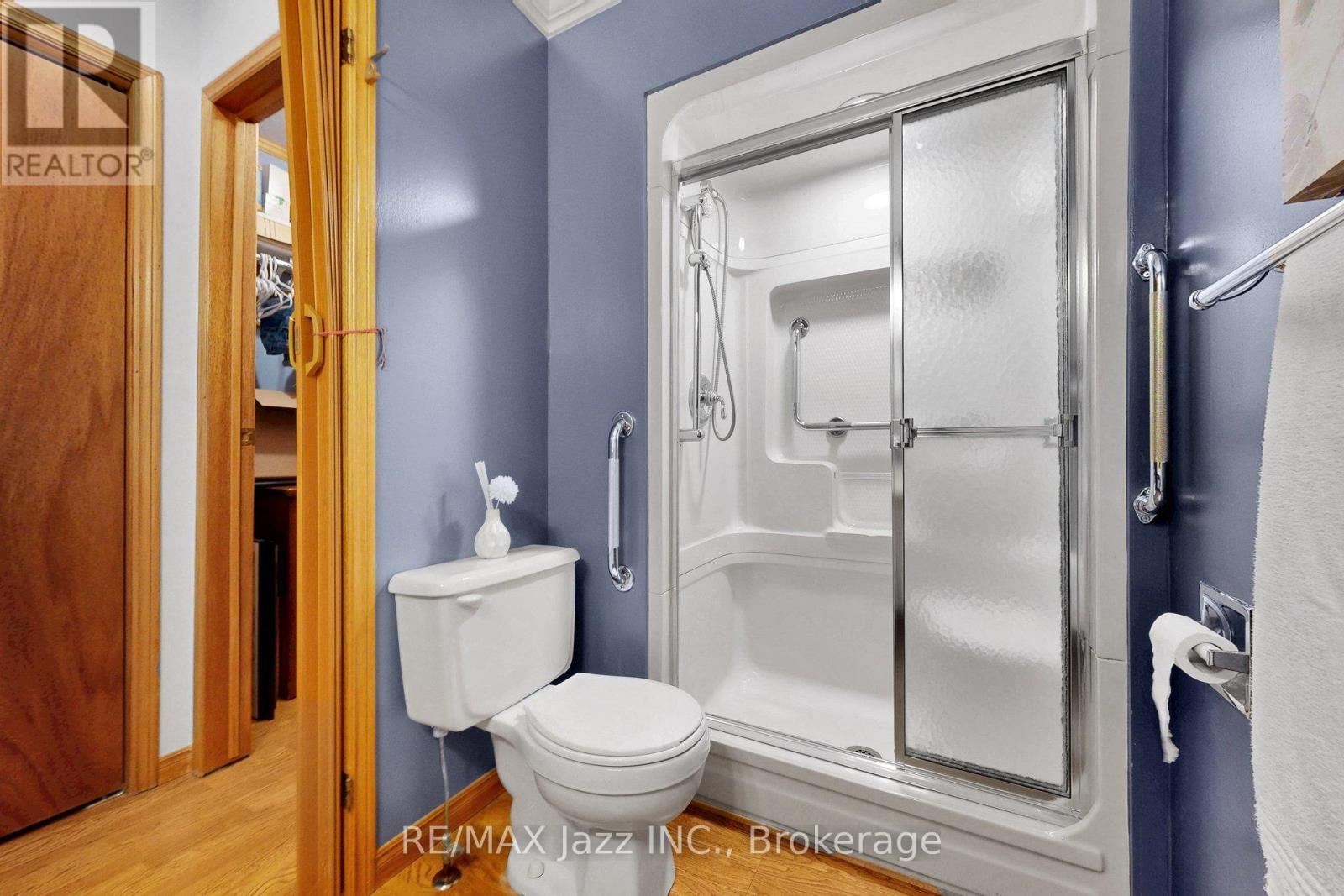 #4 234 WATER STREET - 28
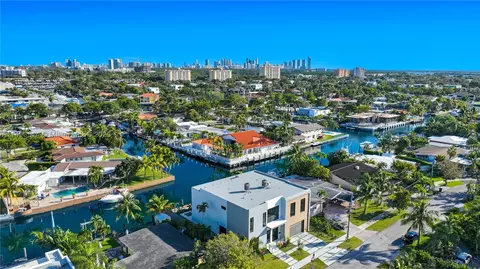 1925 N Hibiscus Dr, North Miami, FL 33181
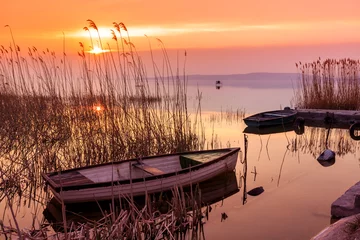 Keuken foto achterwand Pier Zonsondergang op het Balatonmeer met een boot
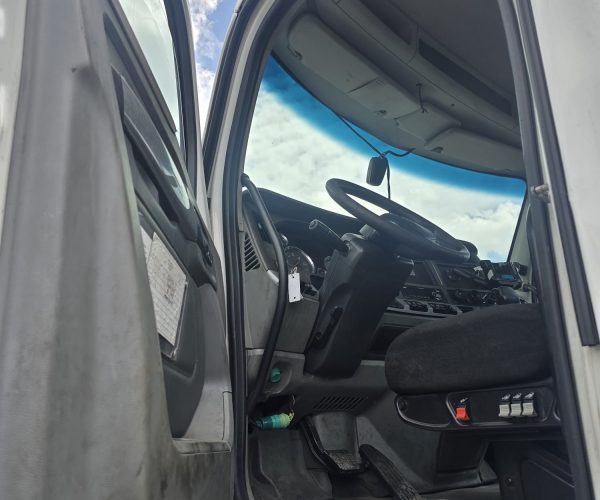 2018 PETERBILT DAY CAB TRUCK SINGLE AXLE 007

**WORK INSTRUCTIONS**
Set down the material above exactly as written, but not the pictures.

**ANSWER TO THIS TASK**
 #4 234 WATER STREET - 28
 1925 N Hibiscus Dr, North Miami, FL 33181
 Keuken foto achterwand Pier Zonsondergang op het Balatonmeer met een boot
 2018 PETERBILT DAY CAB TRUCK SINGLE AXLE 007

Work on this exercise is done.